Example 3 Styrene 709 and 30 g of methidilea acrylate were added to 300 g of distilled water and emulsion copolymerized in the same manner as in Example 2 to obtain a dispersion of polymer particles with an average particle size of 0.35 μm.

Potassium hydroxide was added to this dispersion to adjust the pH to 10 or higher, a saponification reaction was carried out, and then the dispersion was neutralized to pH 4 with hydrochloric acid.

Next, the dispersion was centrifuged, and the precipitated polymer particles were washed with water.

These polymer particles were dispersed in the same buffer as in Example 2 to obtain a dispersion with a fixed content of 30%.

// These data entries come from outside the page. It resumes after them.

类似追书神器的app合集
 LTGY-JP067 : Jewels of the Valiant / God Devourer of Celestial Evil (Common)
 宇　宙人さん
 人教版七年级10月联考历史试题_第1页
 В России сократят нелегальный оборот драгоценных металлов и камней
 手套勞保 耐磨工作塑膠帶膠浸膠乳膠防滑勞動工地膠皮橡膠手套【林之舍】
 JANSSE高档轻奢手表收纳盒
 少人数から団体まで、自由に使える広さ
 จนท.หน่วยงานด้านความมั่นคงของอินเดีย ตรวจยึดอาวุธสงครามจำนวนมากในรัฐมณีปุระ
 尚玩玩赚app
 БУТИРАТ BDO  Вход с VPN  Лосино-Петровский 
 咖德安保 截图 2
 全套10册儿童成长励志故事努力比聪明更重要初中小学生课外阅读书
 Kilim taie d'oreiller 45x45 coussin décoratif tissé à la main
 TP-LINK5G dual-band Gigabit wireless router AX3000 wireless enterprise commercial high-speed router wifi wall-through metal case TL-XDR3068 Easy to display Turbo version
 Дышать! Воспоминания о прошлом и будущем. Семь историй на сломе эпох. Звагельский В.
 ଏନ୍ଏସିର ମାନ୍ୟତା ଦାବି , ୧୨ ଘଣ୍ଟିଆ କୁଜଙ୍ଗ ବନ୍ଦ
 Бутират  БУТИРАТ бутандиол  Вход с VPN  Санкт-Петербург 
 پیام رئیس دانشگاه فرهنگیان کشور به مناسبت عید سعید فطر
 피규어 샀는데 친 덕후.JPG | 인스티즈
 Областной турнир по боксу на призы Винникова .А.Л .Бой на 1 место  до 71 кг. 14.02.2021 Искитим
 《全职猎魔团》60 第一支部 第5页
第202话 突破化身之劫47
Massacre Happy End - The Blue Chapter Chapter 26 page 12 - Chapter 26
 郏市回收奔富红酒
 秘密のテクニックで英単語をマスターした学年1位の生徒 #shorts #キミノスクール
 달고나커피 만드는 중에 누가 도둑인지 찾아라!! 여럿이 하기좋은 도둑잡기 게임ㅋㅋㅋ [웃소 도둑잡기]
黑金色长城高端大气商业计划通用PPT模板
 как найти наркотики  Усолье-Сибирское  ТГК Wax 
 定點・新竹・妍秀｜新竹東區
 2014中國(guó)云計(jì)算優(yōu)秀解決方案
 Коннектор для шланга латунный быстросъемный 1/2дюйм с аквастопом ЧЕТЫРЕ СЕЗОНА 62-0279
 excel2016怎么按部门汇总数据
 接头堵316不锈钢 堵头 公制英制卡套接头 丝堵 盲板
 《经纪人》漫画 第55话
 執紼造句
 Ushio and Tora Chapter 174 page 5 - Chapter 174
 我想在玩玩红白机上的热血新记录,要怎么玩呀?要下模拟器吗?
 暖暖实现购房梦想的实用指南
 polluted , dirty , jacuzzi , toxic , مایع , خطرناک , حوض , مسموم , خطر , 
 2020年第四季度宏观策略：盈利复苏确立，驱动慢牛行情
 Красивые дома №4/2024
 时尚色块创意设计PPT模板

An α-chymotrypsin solution was added to this dispersion in the same manner as in Example 2 to obtain the immobilized enzyme of the present invention.

The immobilized amount of α-chymol IJpusin of this immobilized enzyme was 20 μm per 1 g of polymer particles, and the activity yield was 90 μm using N-acetyl-L-tyrosine ethyl coster as a substrate.
He was in charge.

Claims (1)

[Scope of Claims] 1. An immobilized enzyme characterized in that the enzyme is immobilized on water-dispersed polymer particles having ion exchange groups by ionic bonding. 2. The immobilized enzyme according to claim 1, wherein the water-dispersed polymer particles have an average particle size of 0.03 to 2μ. 3. The immobilized enzyme according to claim 1, wherein the ion exchange group is an acid group. 4. The immobilized enzyme according to claim 3, wherein the ion exchange group is a carboxyl group, a sulfonic acid group, or a phosphoric acid group. 5. The immobilized enzyme according to claim 1, wherein the ion exchange group is a primary amine group or a quaternary amine group.